When amdgpu makes the command submissions it doesn't necessarily know 
that the buffer will be exported and shared with another device later on.

So when the buffer is exported and given to the other device you might 
have a whole bunch of fences which run concurrently and not in any 
serial order.

> Otherwise you end up stalling your explicitly-fencing userspace,
> since implicit fencing doesn't allow more than 1 writer. For amdgpu
> one possible way to implement this might be to count how many users a
> dma-buf has, and if it's more than just the current context set the
> exclusive fence. Or do an uabi revision and let userspace decide (or
> at least overwrite it).

I mean I can pick one fence and wait for the rest to finish manually, 
but that would certainly defeat the whole effort, doesn't it?

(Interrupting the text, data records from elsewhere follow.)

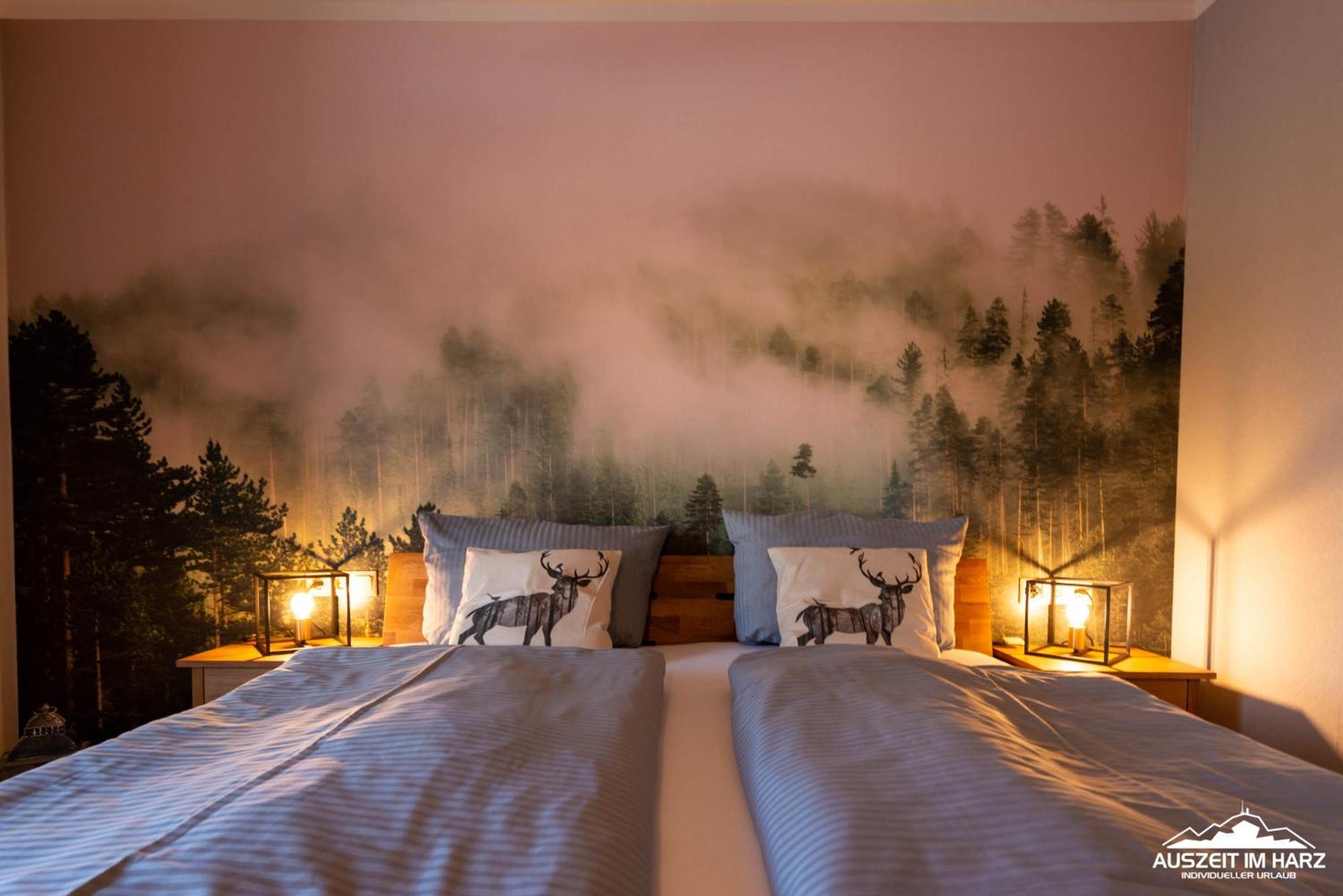 Auszeit-Im-Harz Haus 5 Wohnung 22 Stiege Екстериор снимка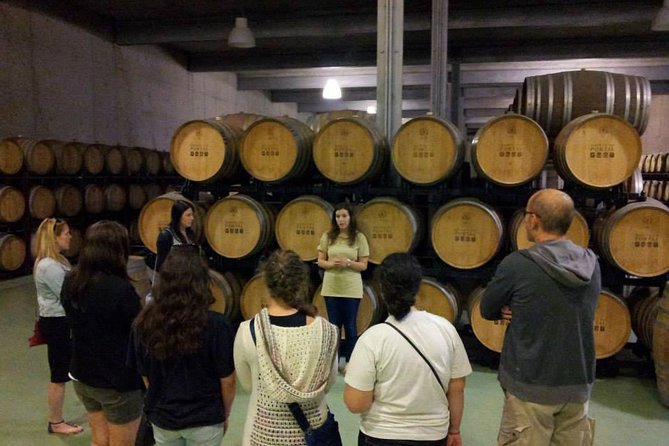 Private Douro Valley Wine Tour: 2 Wine Estates, Lunch and Cruise - Meeting and Pickup Details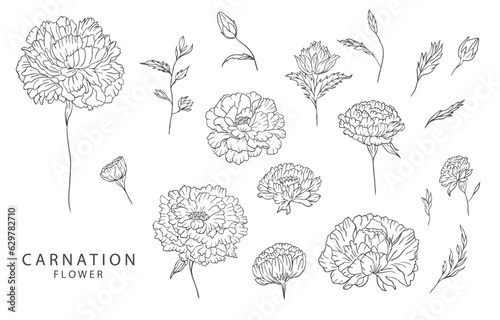 flower collection with line carnation element.Vector illustration for icon,sticker,printable,tattoo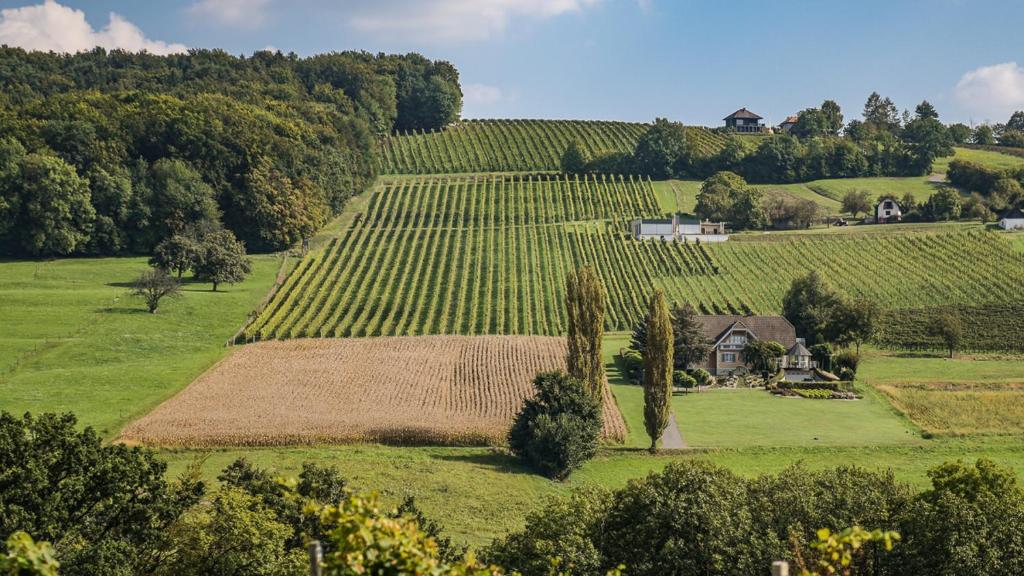 Kellerstöckl am Neusetzberg - 3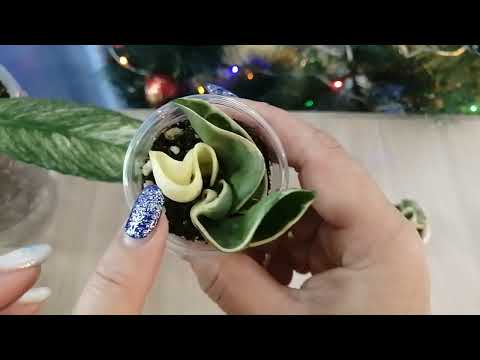 Видео: Новые цветочки в коллекцию 🔥🌺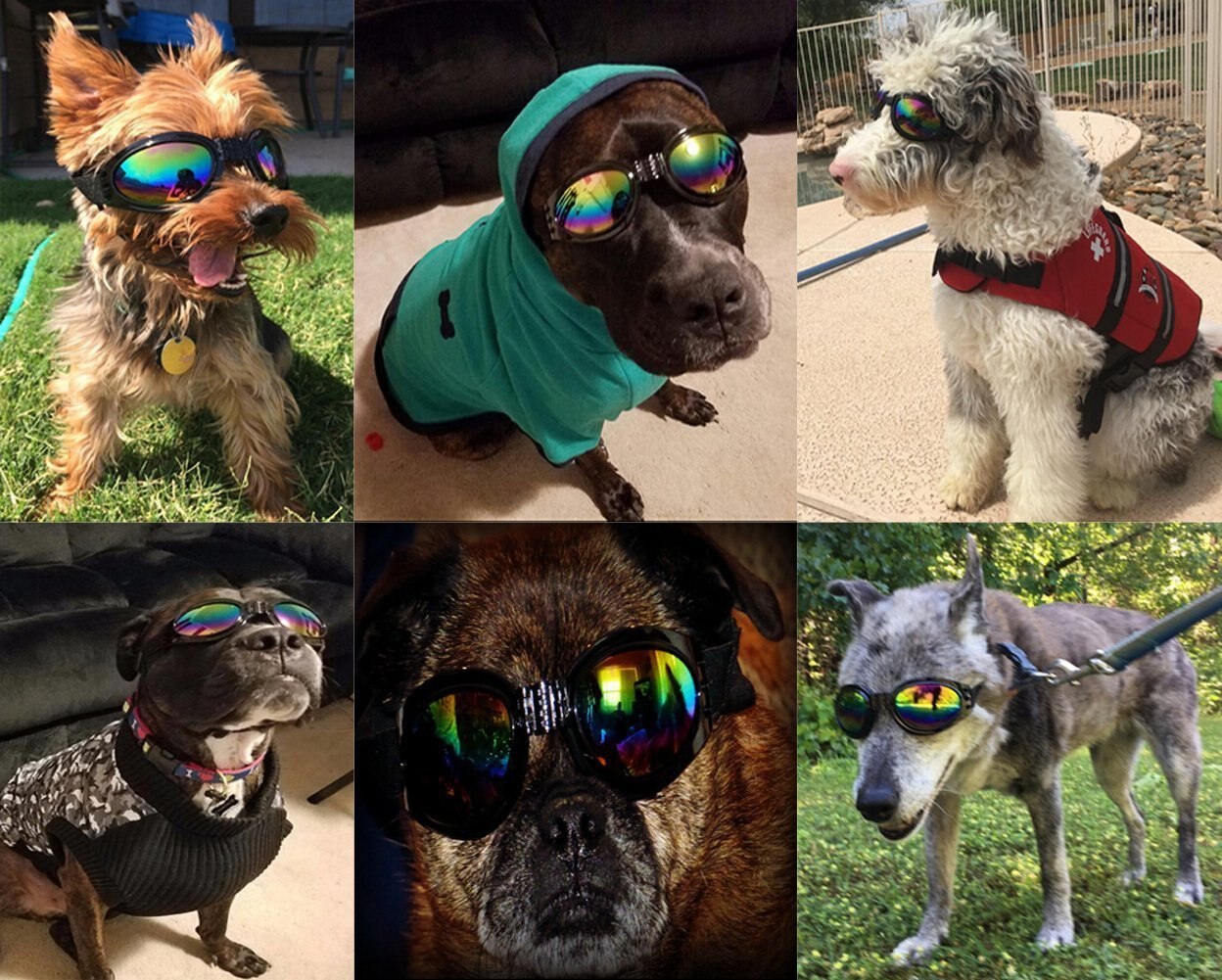 Gafas de sol para perro, productos para mascotas grandes, gafas para perros, accesorios para perros grandes,
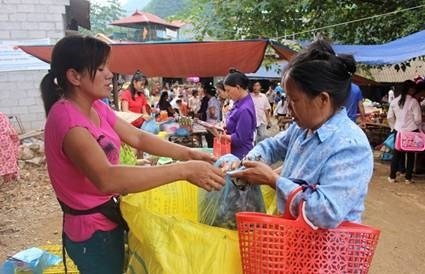 Lá gai là nguyên liệu chính để làm bánh gai trong ngày Rằm tháng Bảy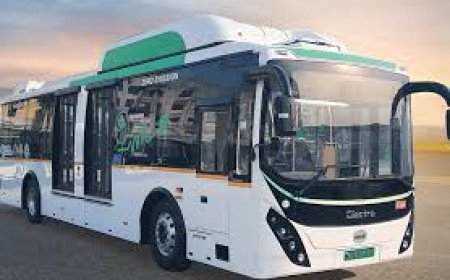 bus market insights, size , share & report 2033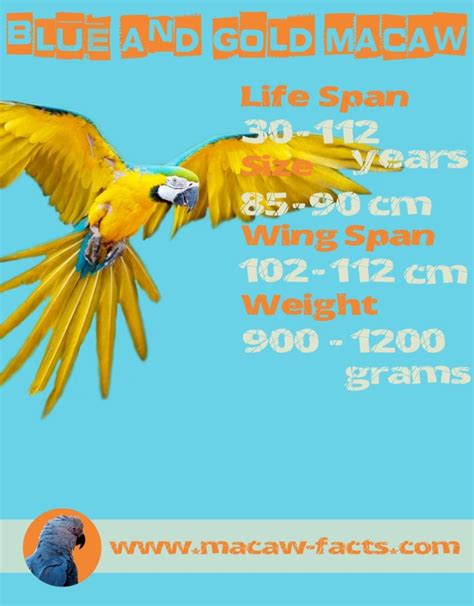 Blue and gold macaw lifespan weight size wingspan – Macaw Facts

I completely agree that you have only 1 writer with implicit fencing, 
but when you switch from explicit fencing back to implicit fencing you 
can have multiple ones.

> But the current approach in amdgpu_sync.c of declaring a fence as
> exclusive after the fact (if owners don't match) just isn't how
> reservation_object works. You can of course change that, but that
> means you must change all drivers implementing support for implicit
> fencing of dma-buf. Fixing amdgpu will be easier ;-)

Well as far as I can see there is no way I can fix amdgpu in this case.

The handling clearly needs to be changed on the receiving side of the 
reservation objects if I don't completely want to disable concurrent 
access to BOs in amdgpu.

Regards,
Christian.

> -Daniel